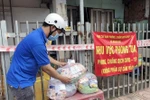 Đơn hàng được giao đến khu vực phong tỏa trên địa bàn Thành phố Hồ Chí Minh. (Ảnh: TTXVN phát)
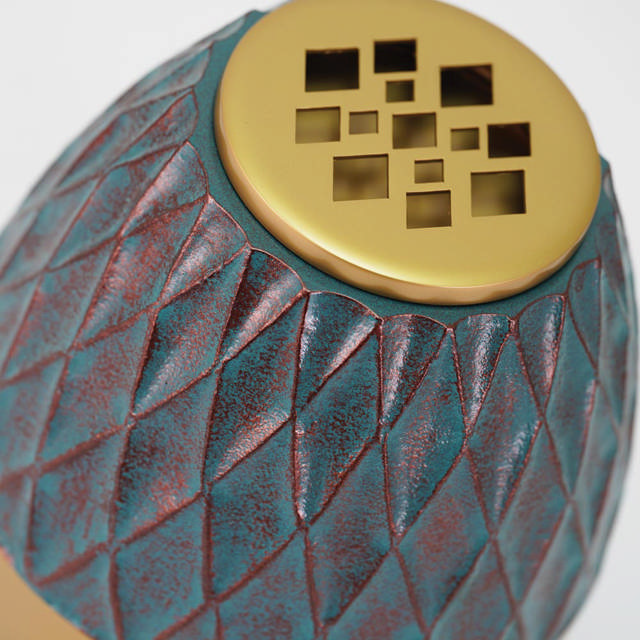 Cascade Scatter™ Reflections, Teal, Diamond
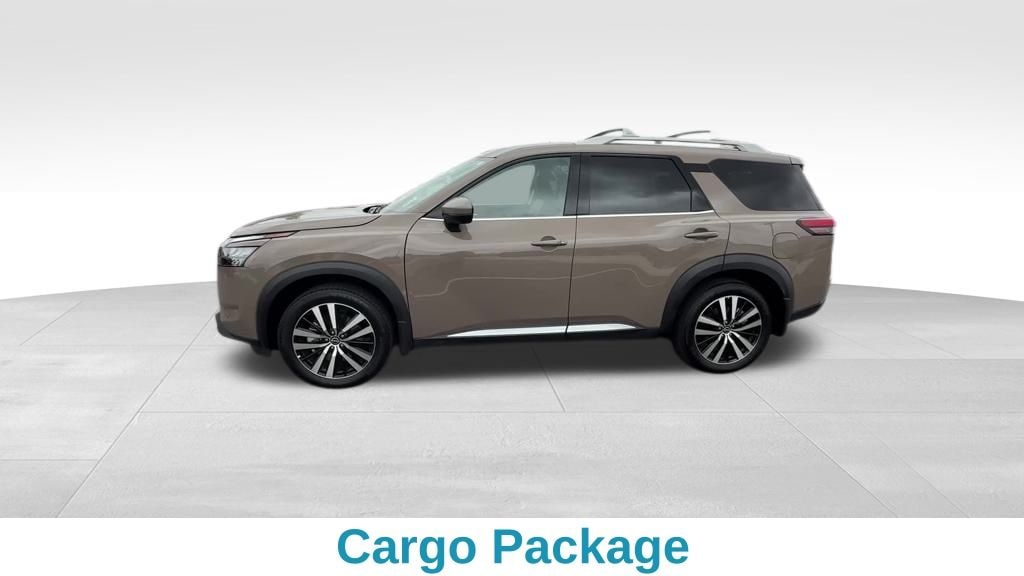 Used 2025 Nissan Pathfinder Platinum SUV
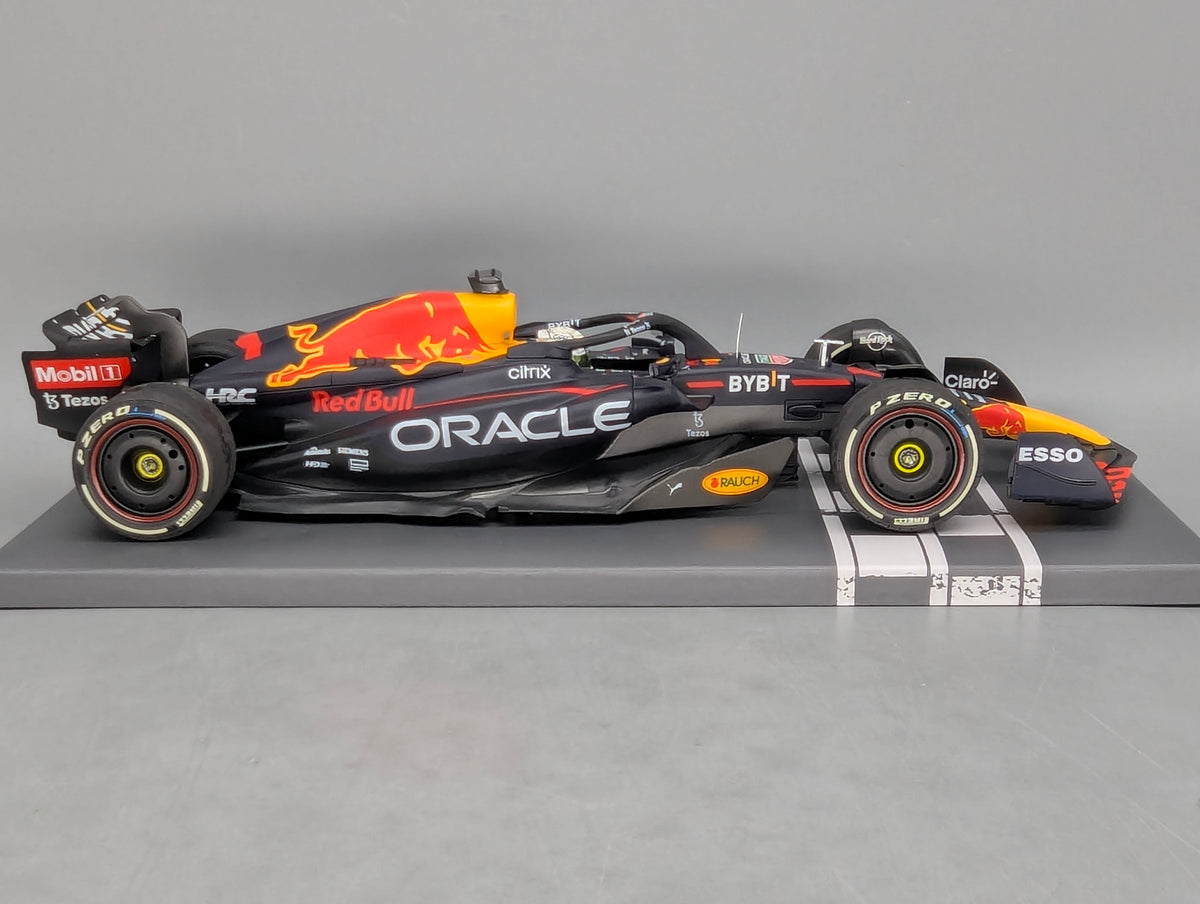 Modellautos 1:43 Minichamps Red Bull RB18 WINNER French GP 2022 Verstappen OVP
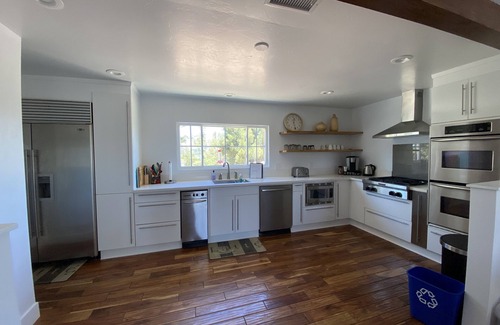Temecula House | Private modern barn custom home, mini golf, ping pong.sleeps 16. Best location.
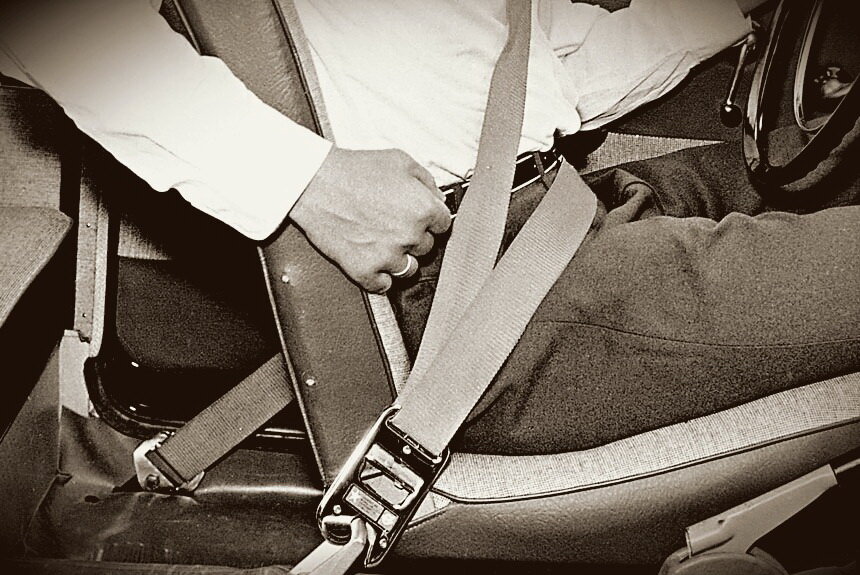 Трехточечный ремень Volvo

--

**Your objective:** The response must match the listing exactly, except that pictures are removed.

**Answer for this exercise:**
 Đơn hàng được giao đến khu vực phong tỏa trên địa bàn Thành phố Hồ Chí Minh. (Ảnh: TTXVN phát)
 Cascade Scatter™ Reflections, Teal, Diamond
 Used 2025 Nissan Pathfinder Platinum SUV
 Modellautos 1:43 Minichamps Red Bull RB18 WINNER French GP 2022 Verstappen OVP
Temecula House | Private modern barn custom home, mini golf, ping pong.sleeps 16. Best location.
 Трехточечный ремень Volvo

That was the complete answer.